◆ WHAT NEEDS TO BE DONE
With the pictures omitted, set down exactly the lines from the one that contains "Nami Vase - Schöne Wellen Design Vase" through the last line of the data.

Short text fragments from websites
* * *
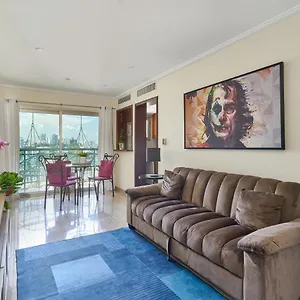  Apartamento Vip Exclusive One Bedroom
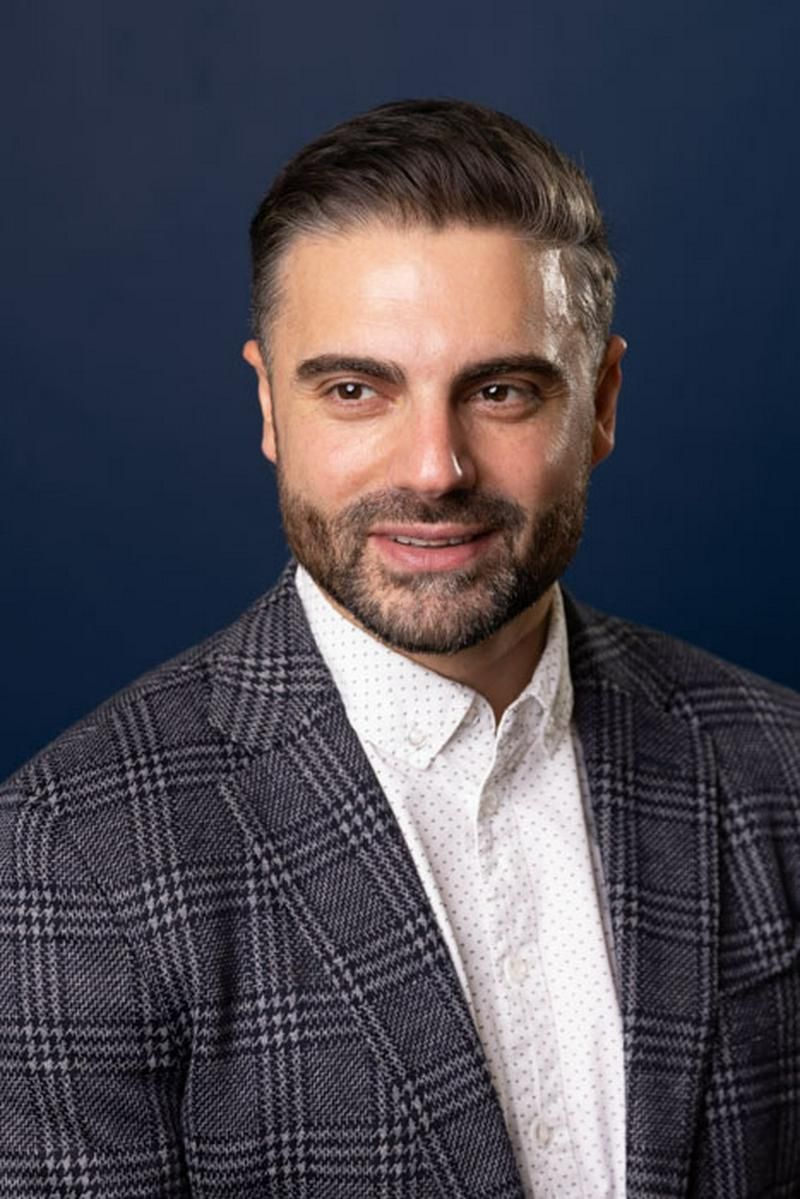 David Ohandjanian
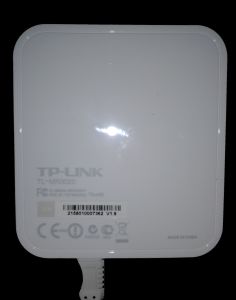  TL-MR3020 Unit Underside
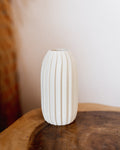Nami Vase - Schöne Wellen Design Vase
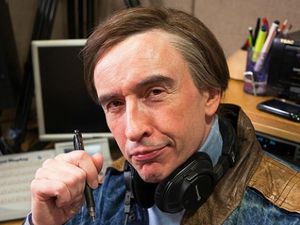 Supporting image for story: Peter Rhodes on a fair price for water, the return of the Partridge and a Groundhog Day moment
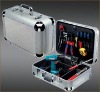 High quality and popular aluminium tool box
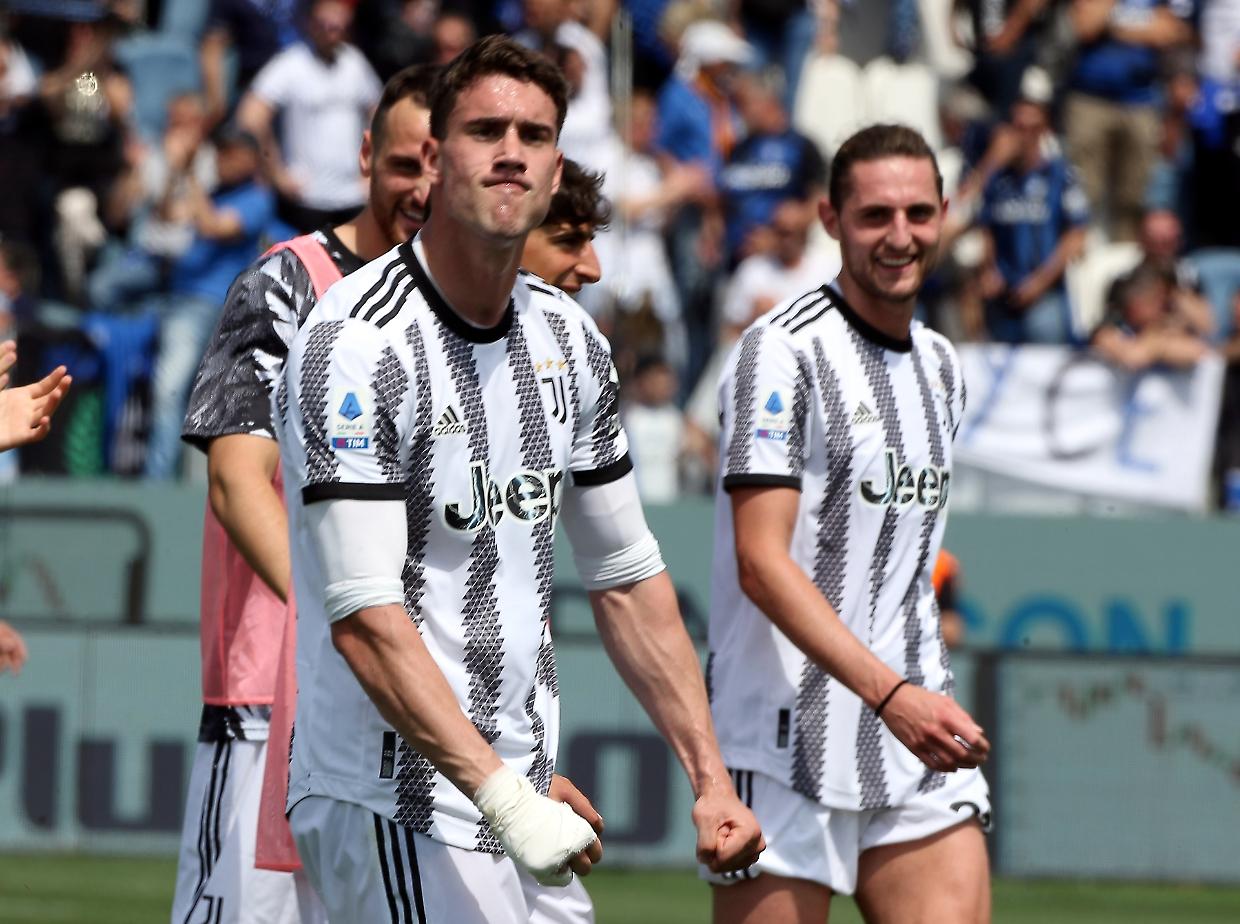 Allegri e i cori razzisti contro Vlahovic, "Ignorare in campo, poi punirli'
* * *
◆ EXERCISE OUTPUT
Nami Vase - Schöne Wellen Design Vase
 Supporting image for story: Peter Rhodes on a fair price for water, the return of the Partridge and a Groundhog Day moment
 High quality and popular aluminium tool box
 Allegri e i cori razzisti contro Vlahovic, "Ignorare in campo, poi punirli'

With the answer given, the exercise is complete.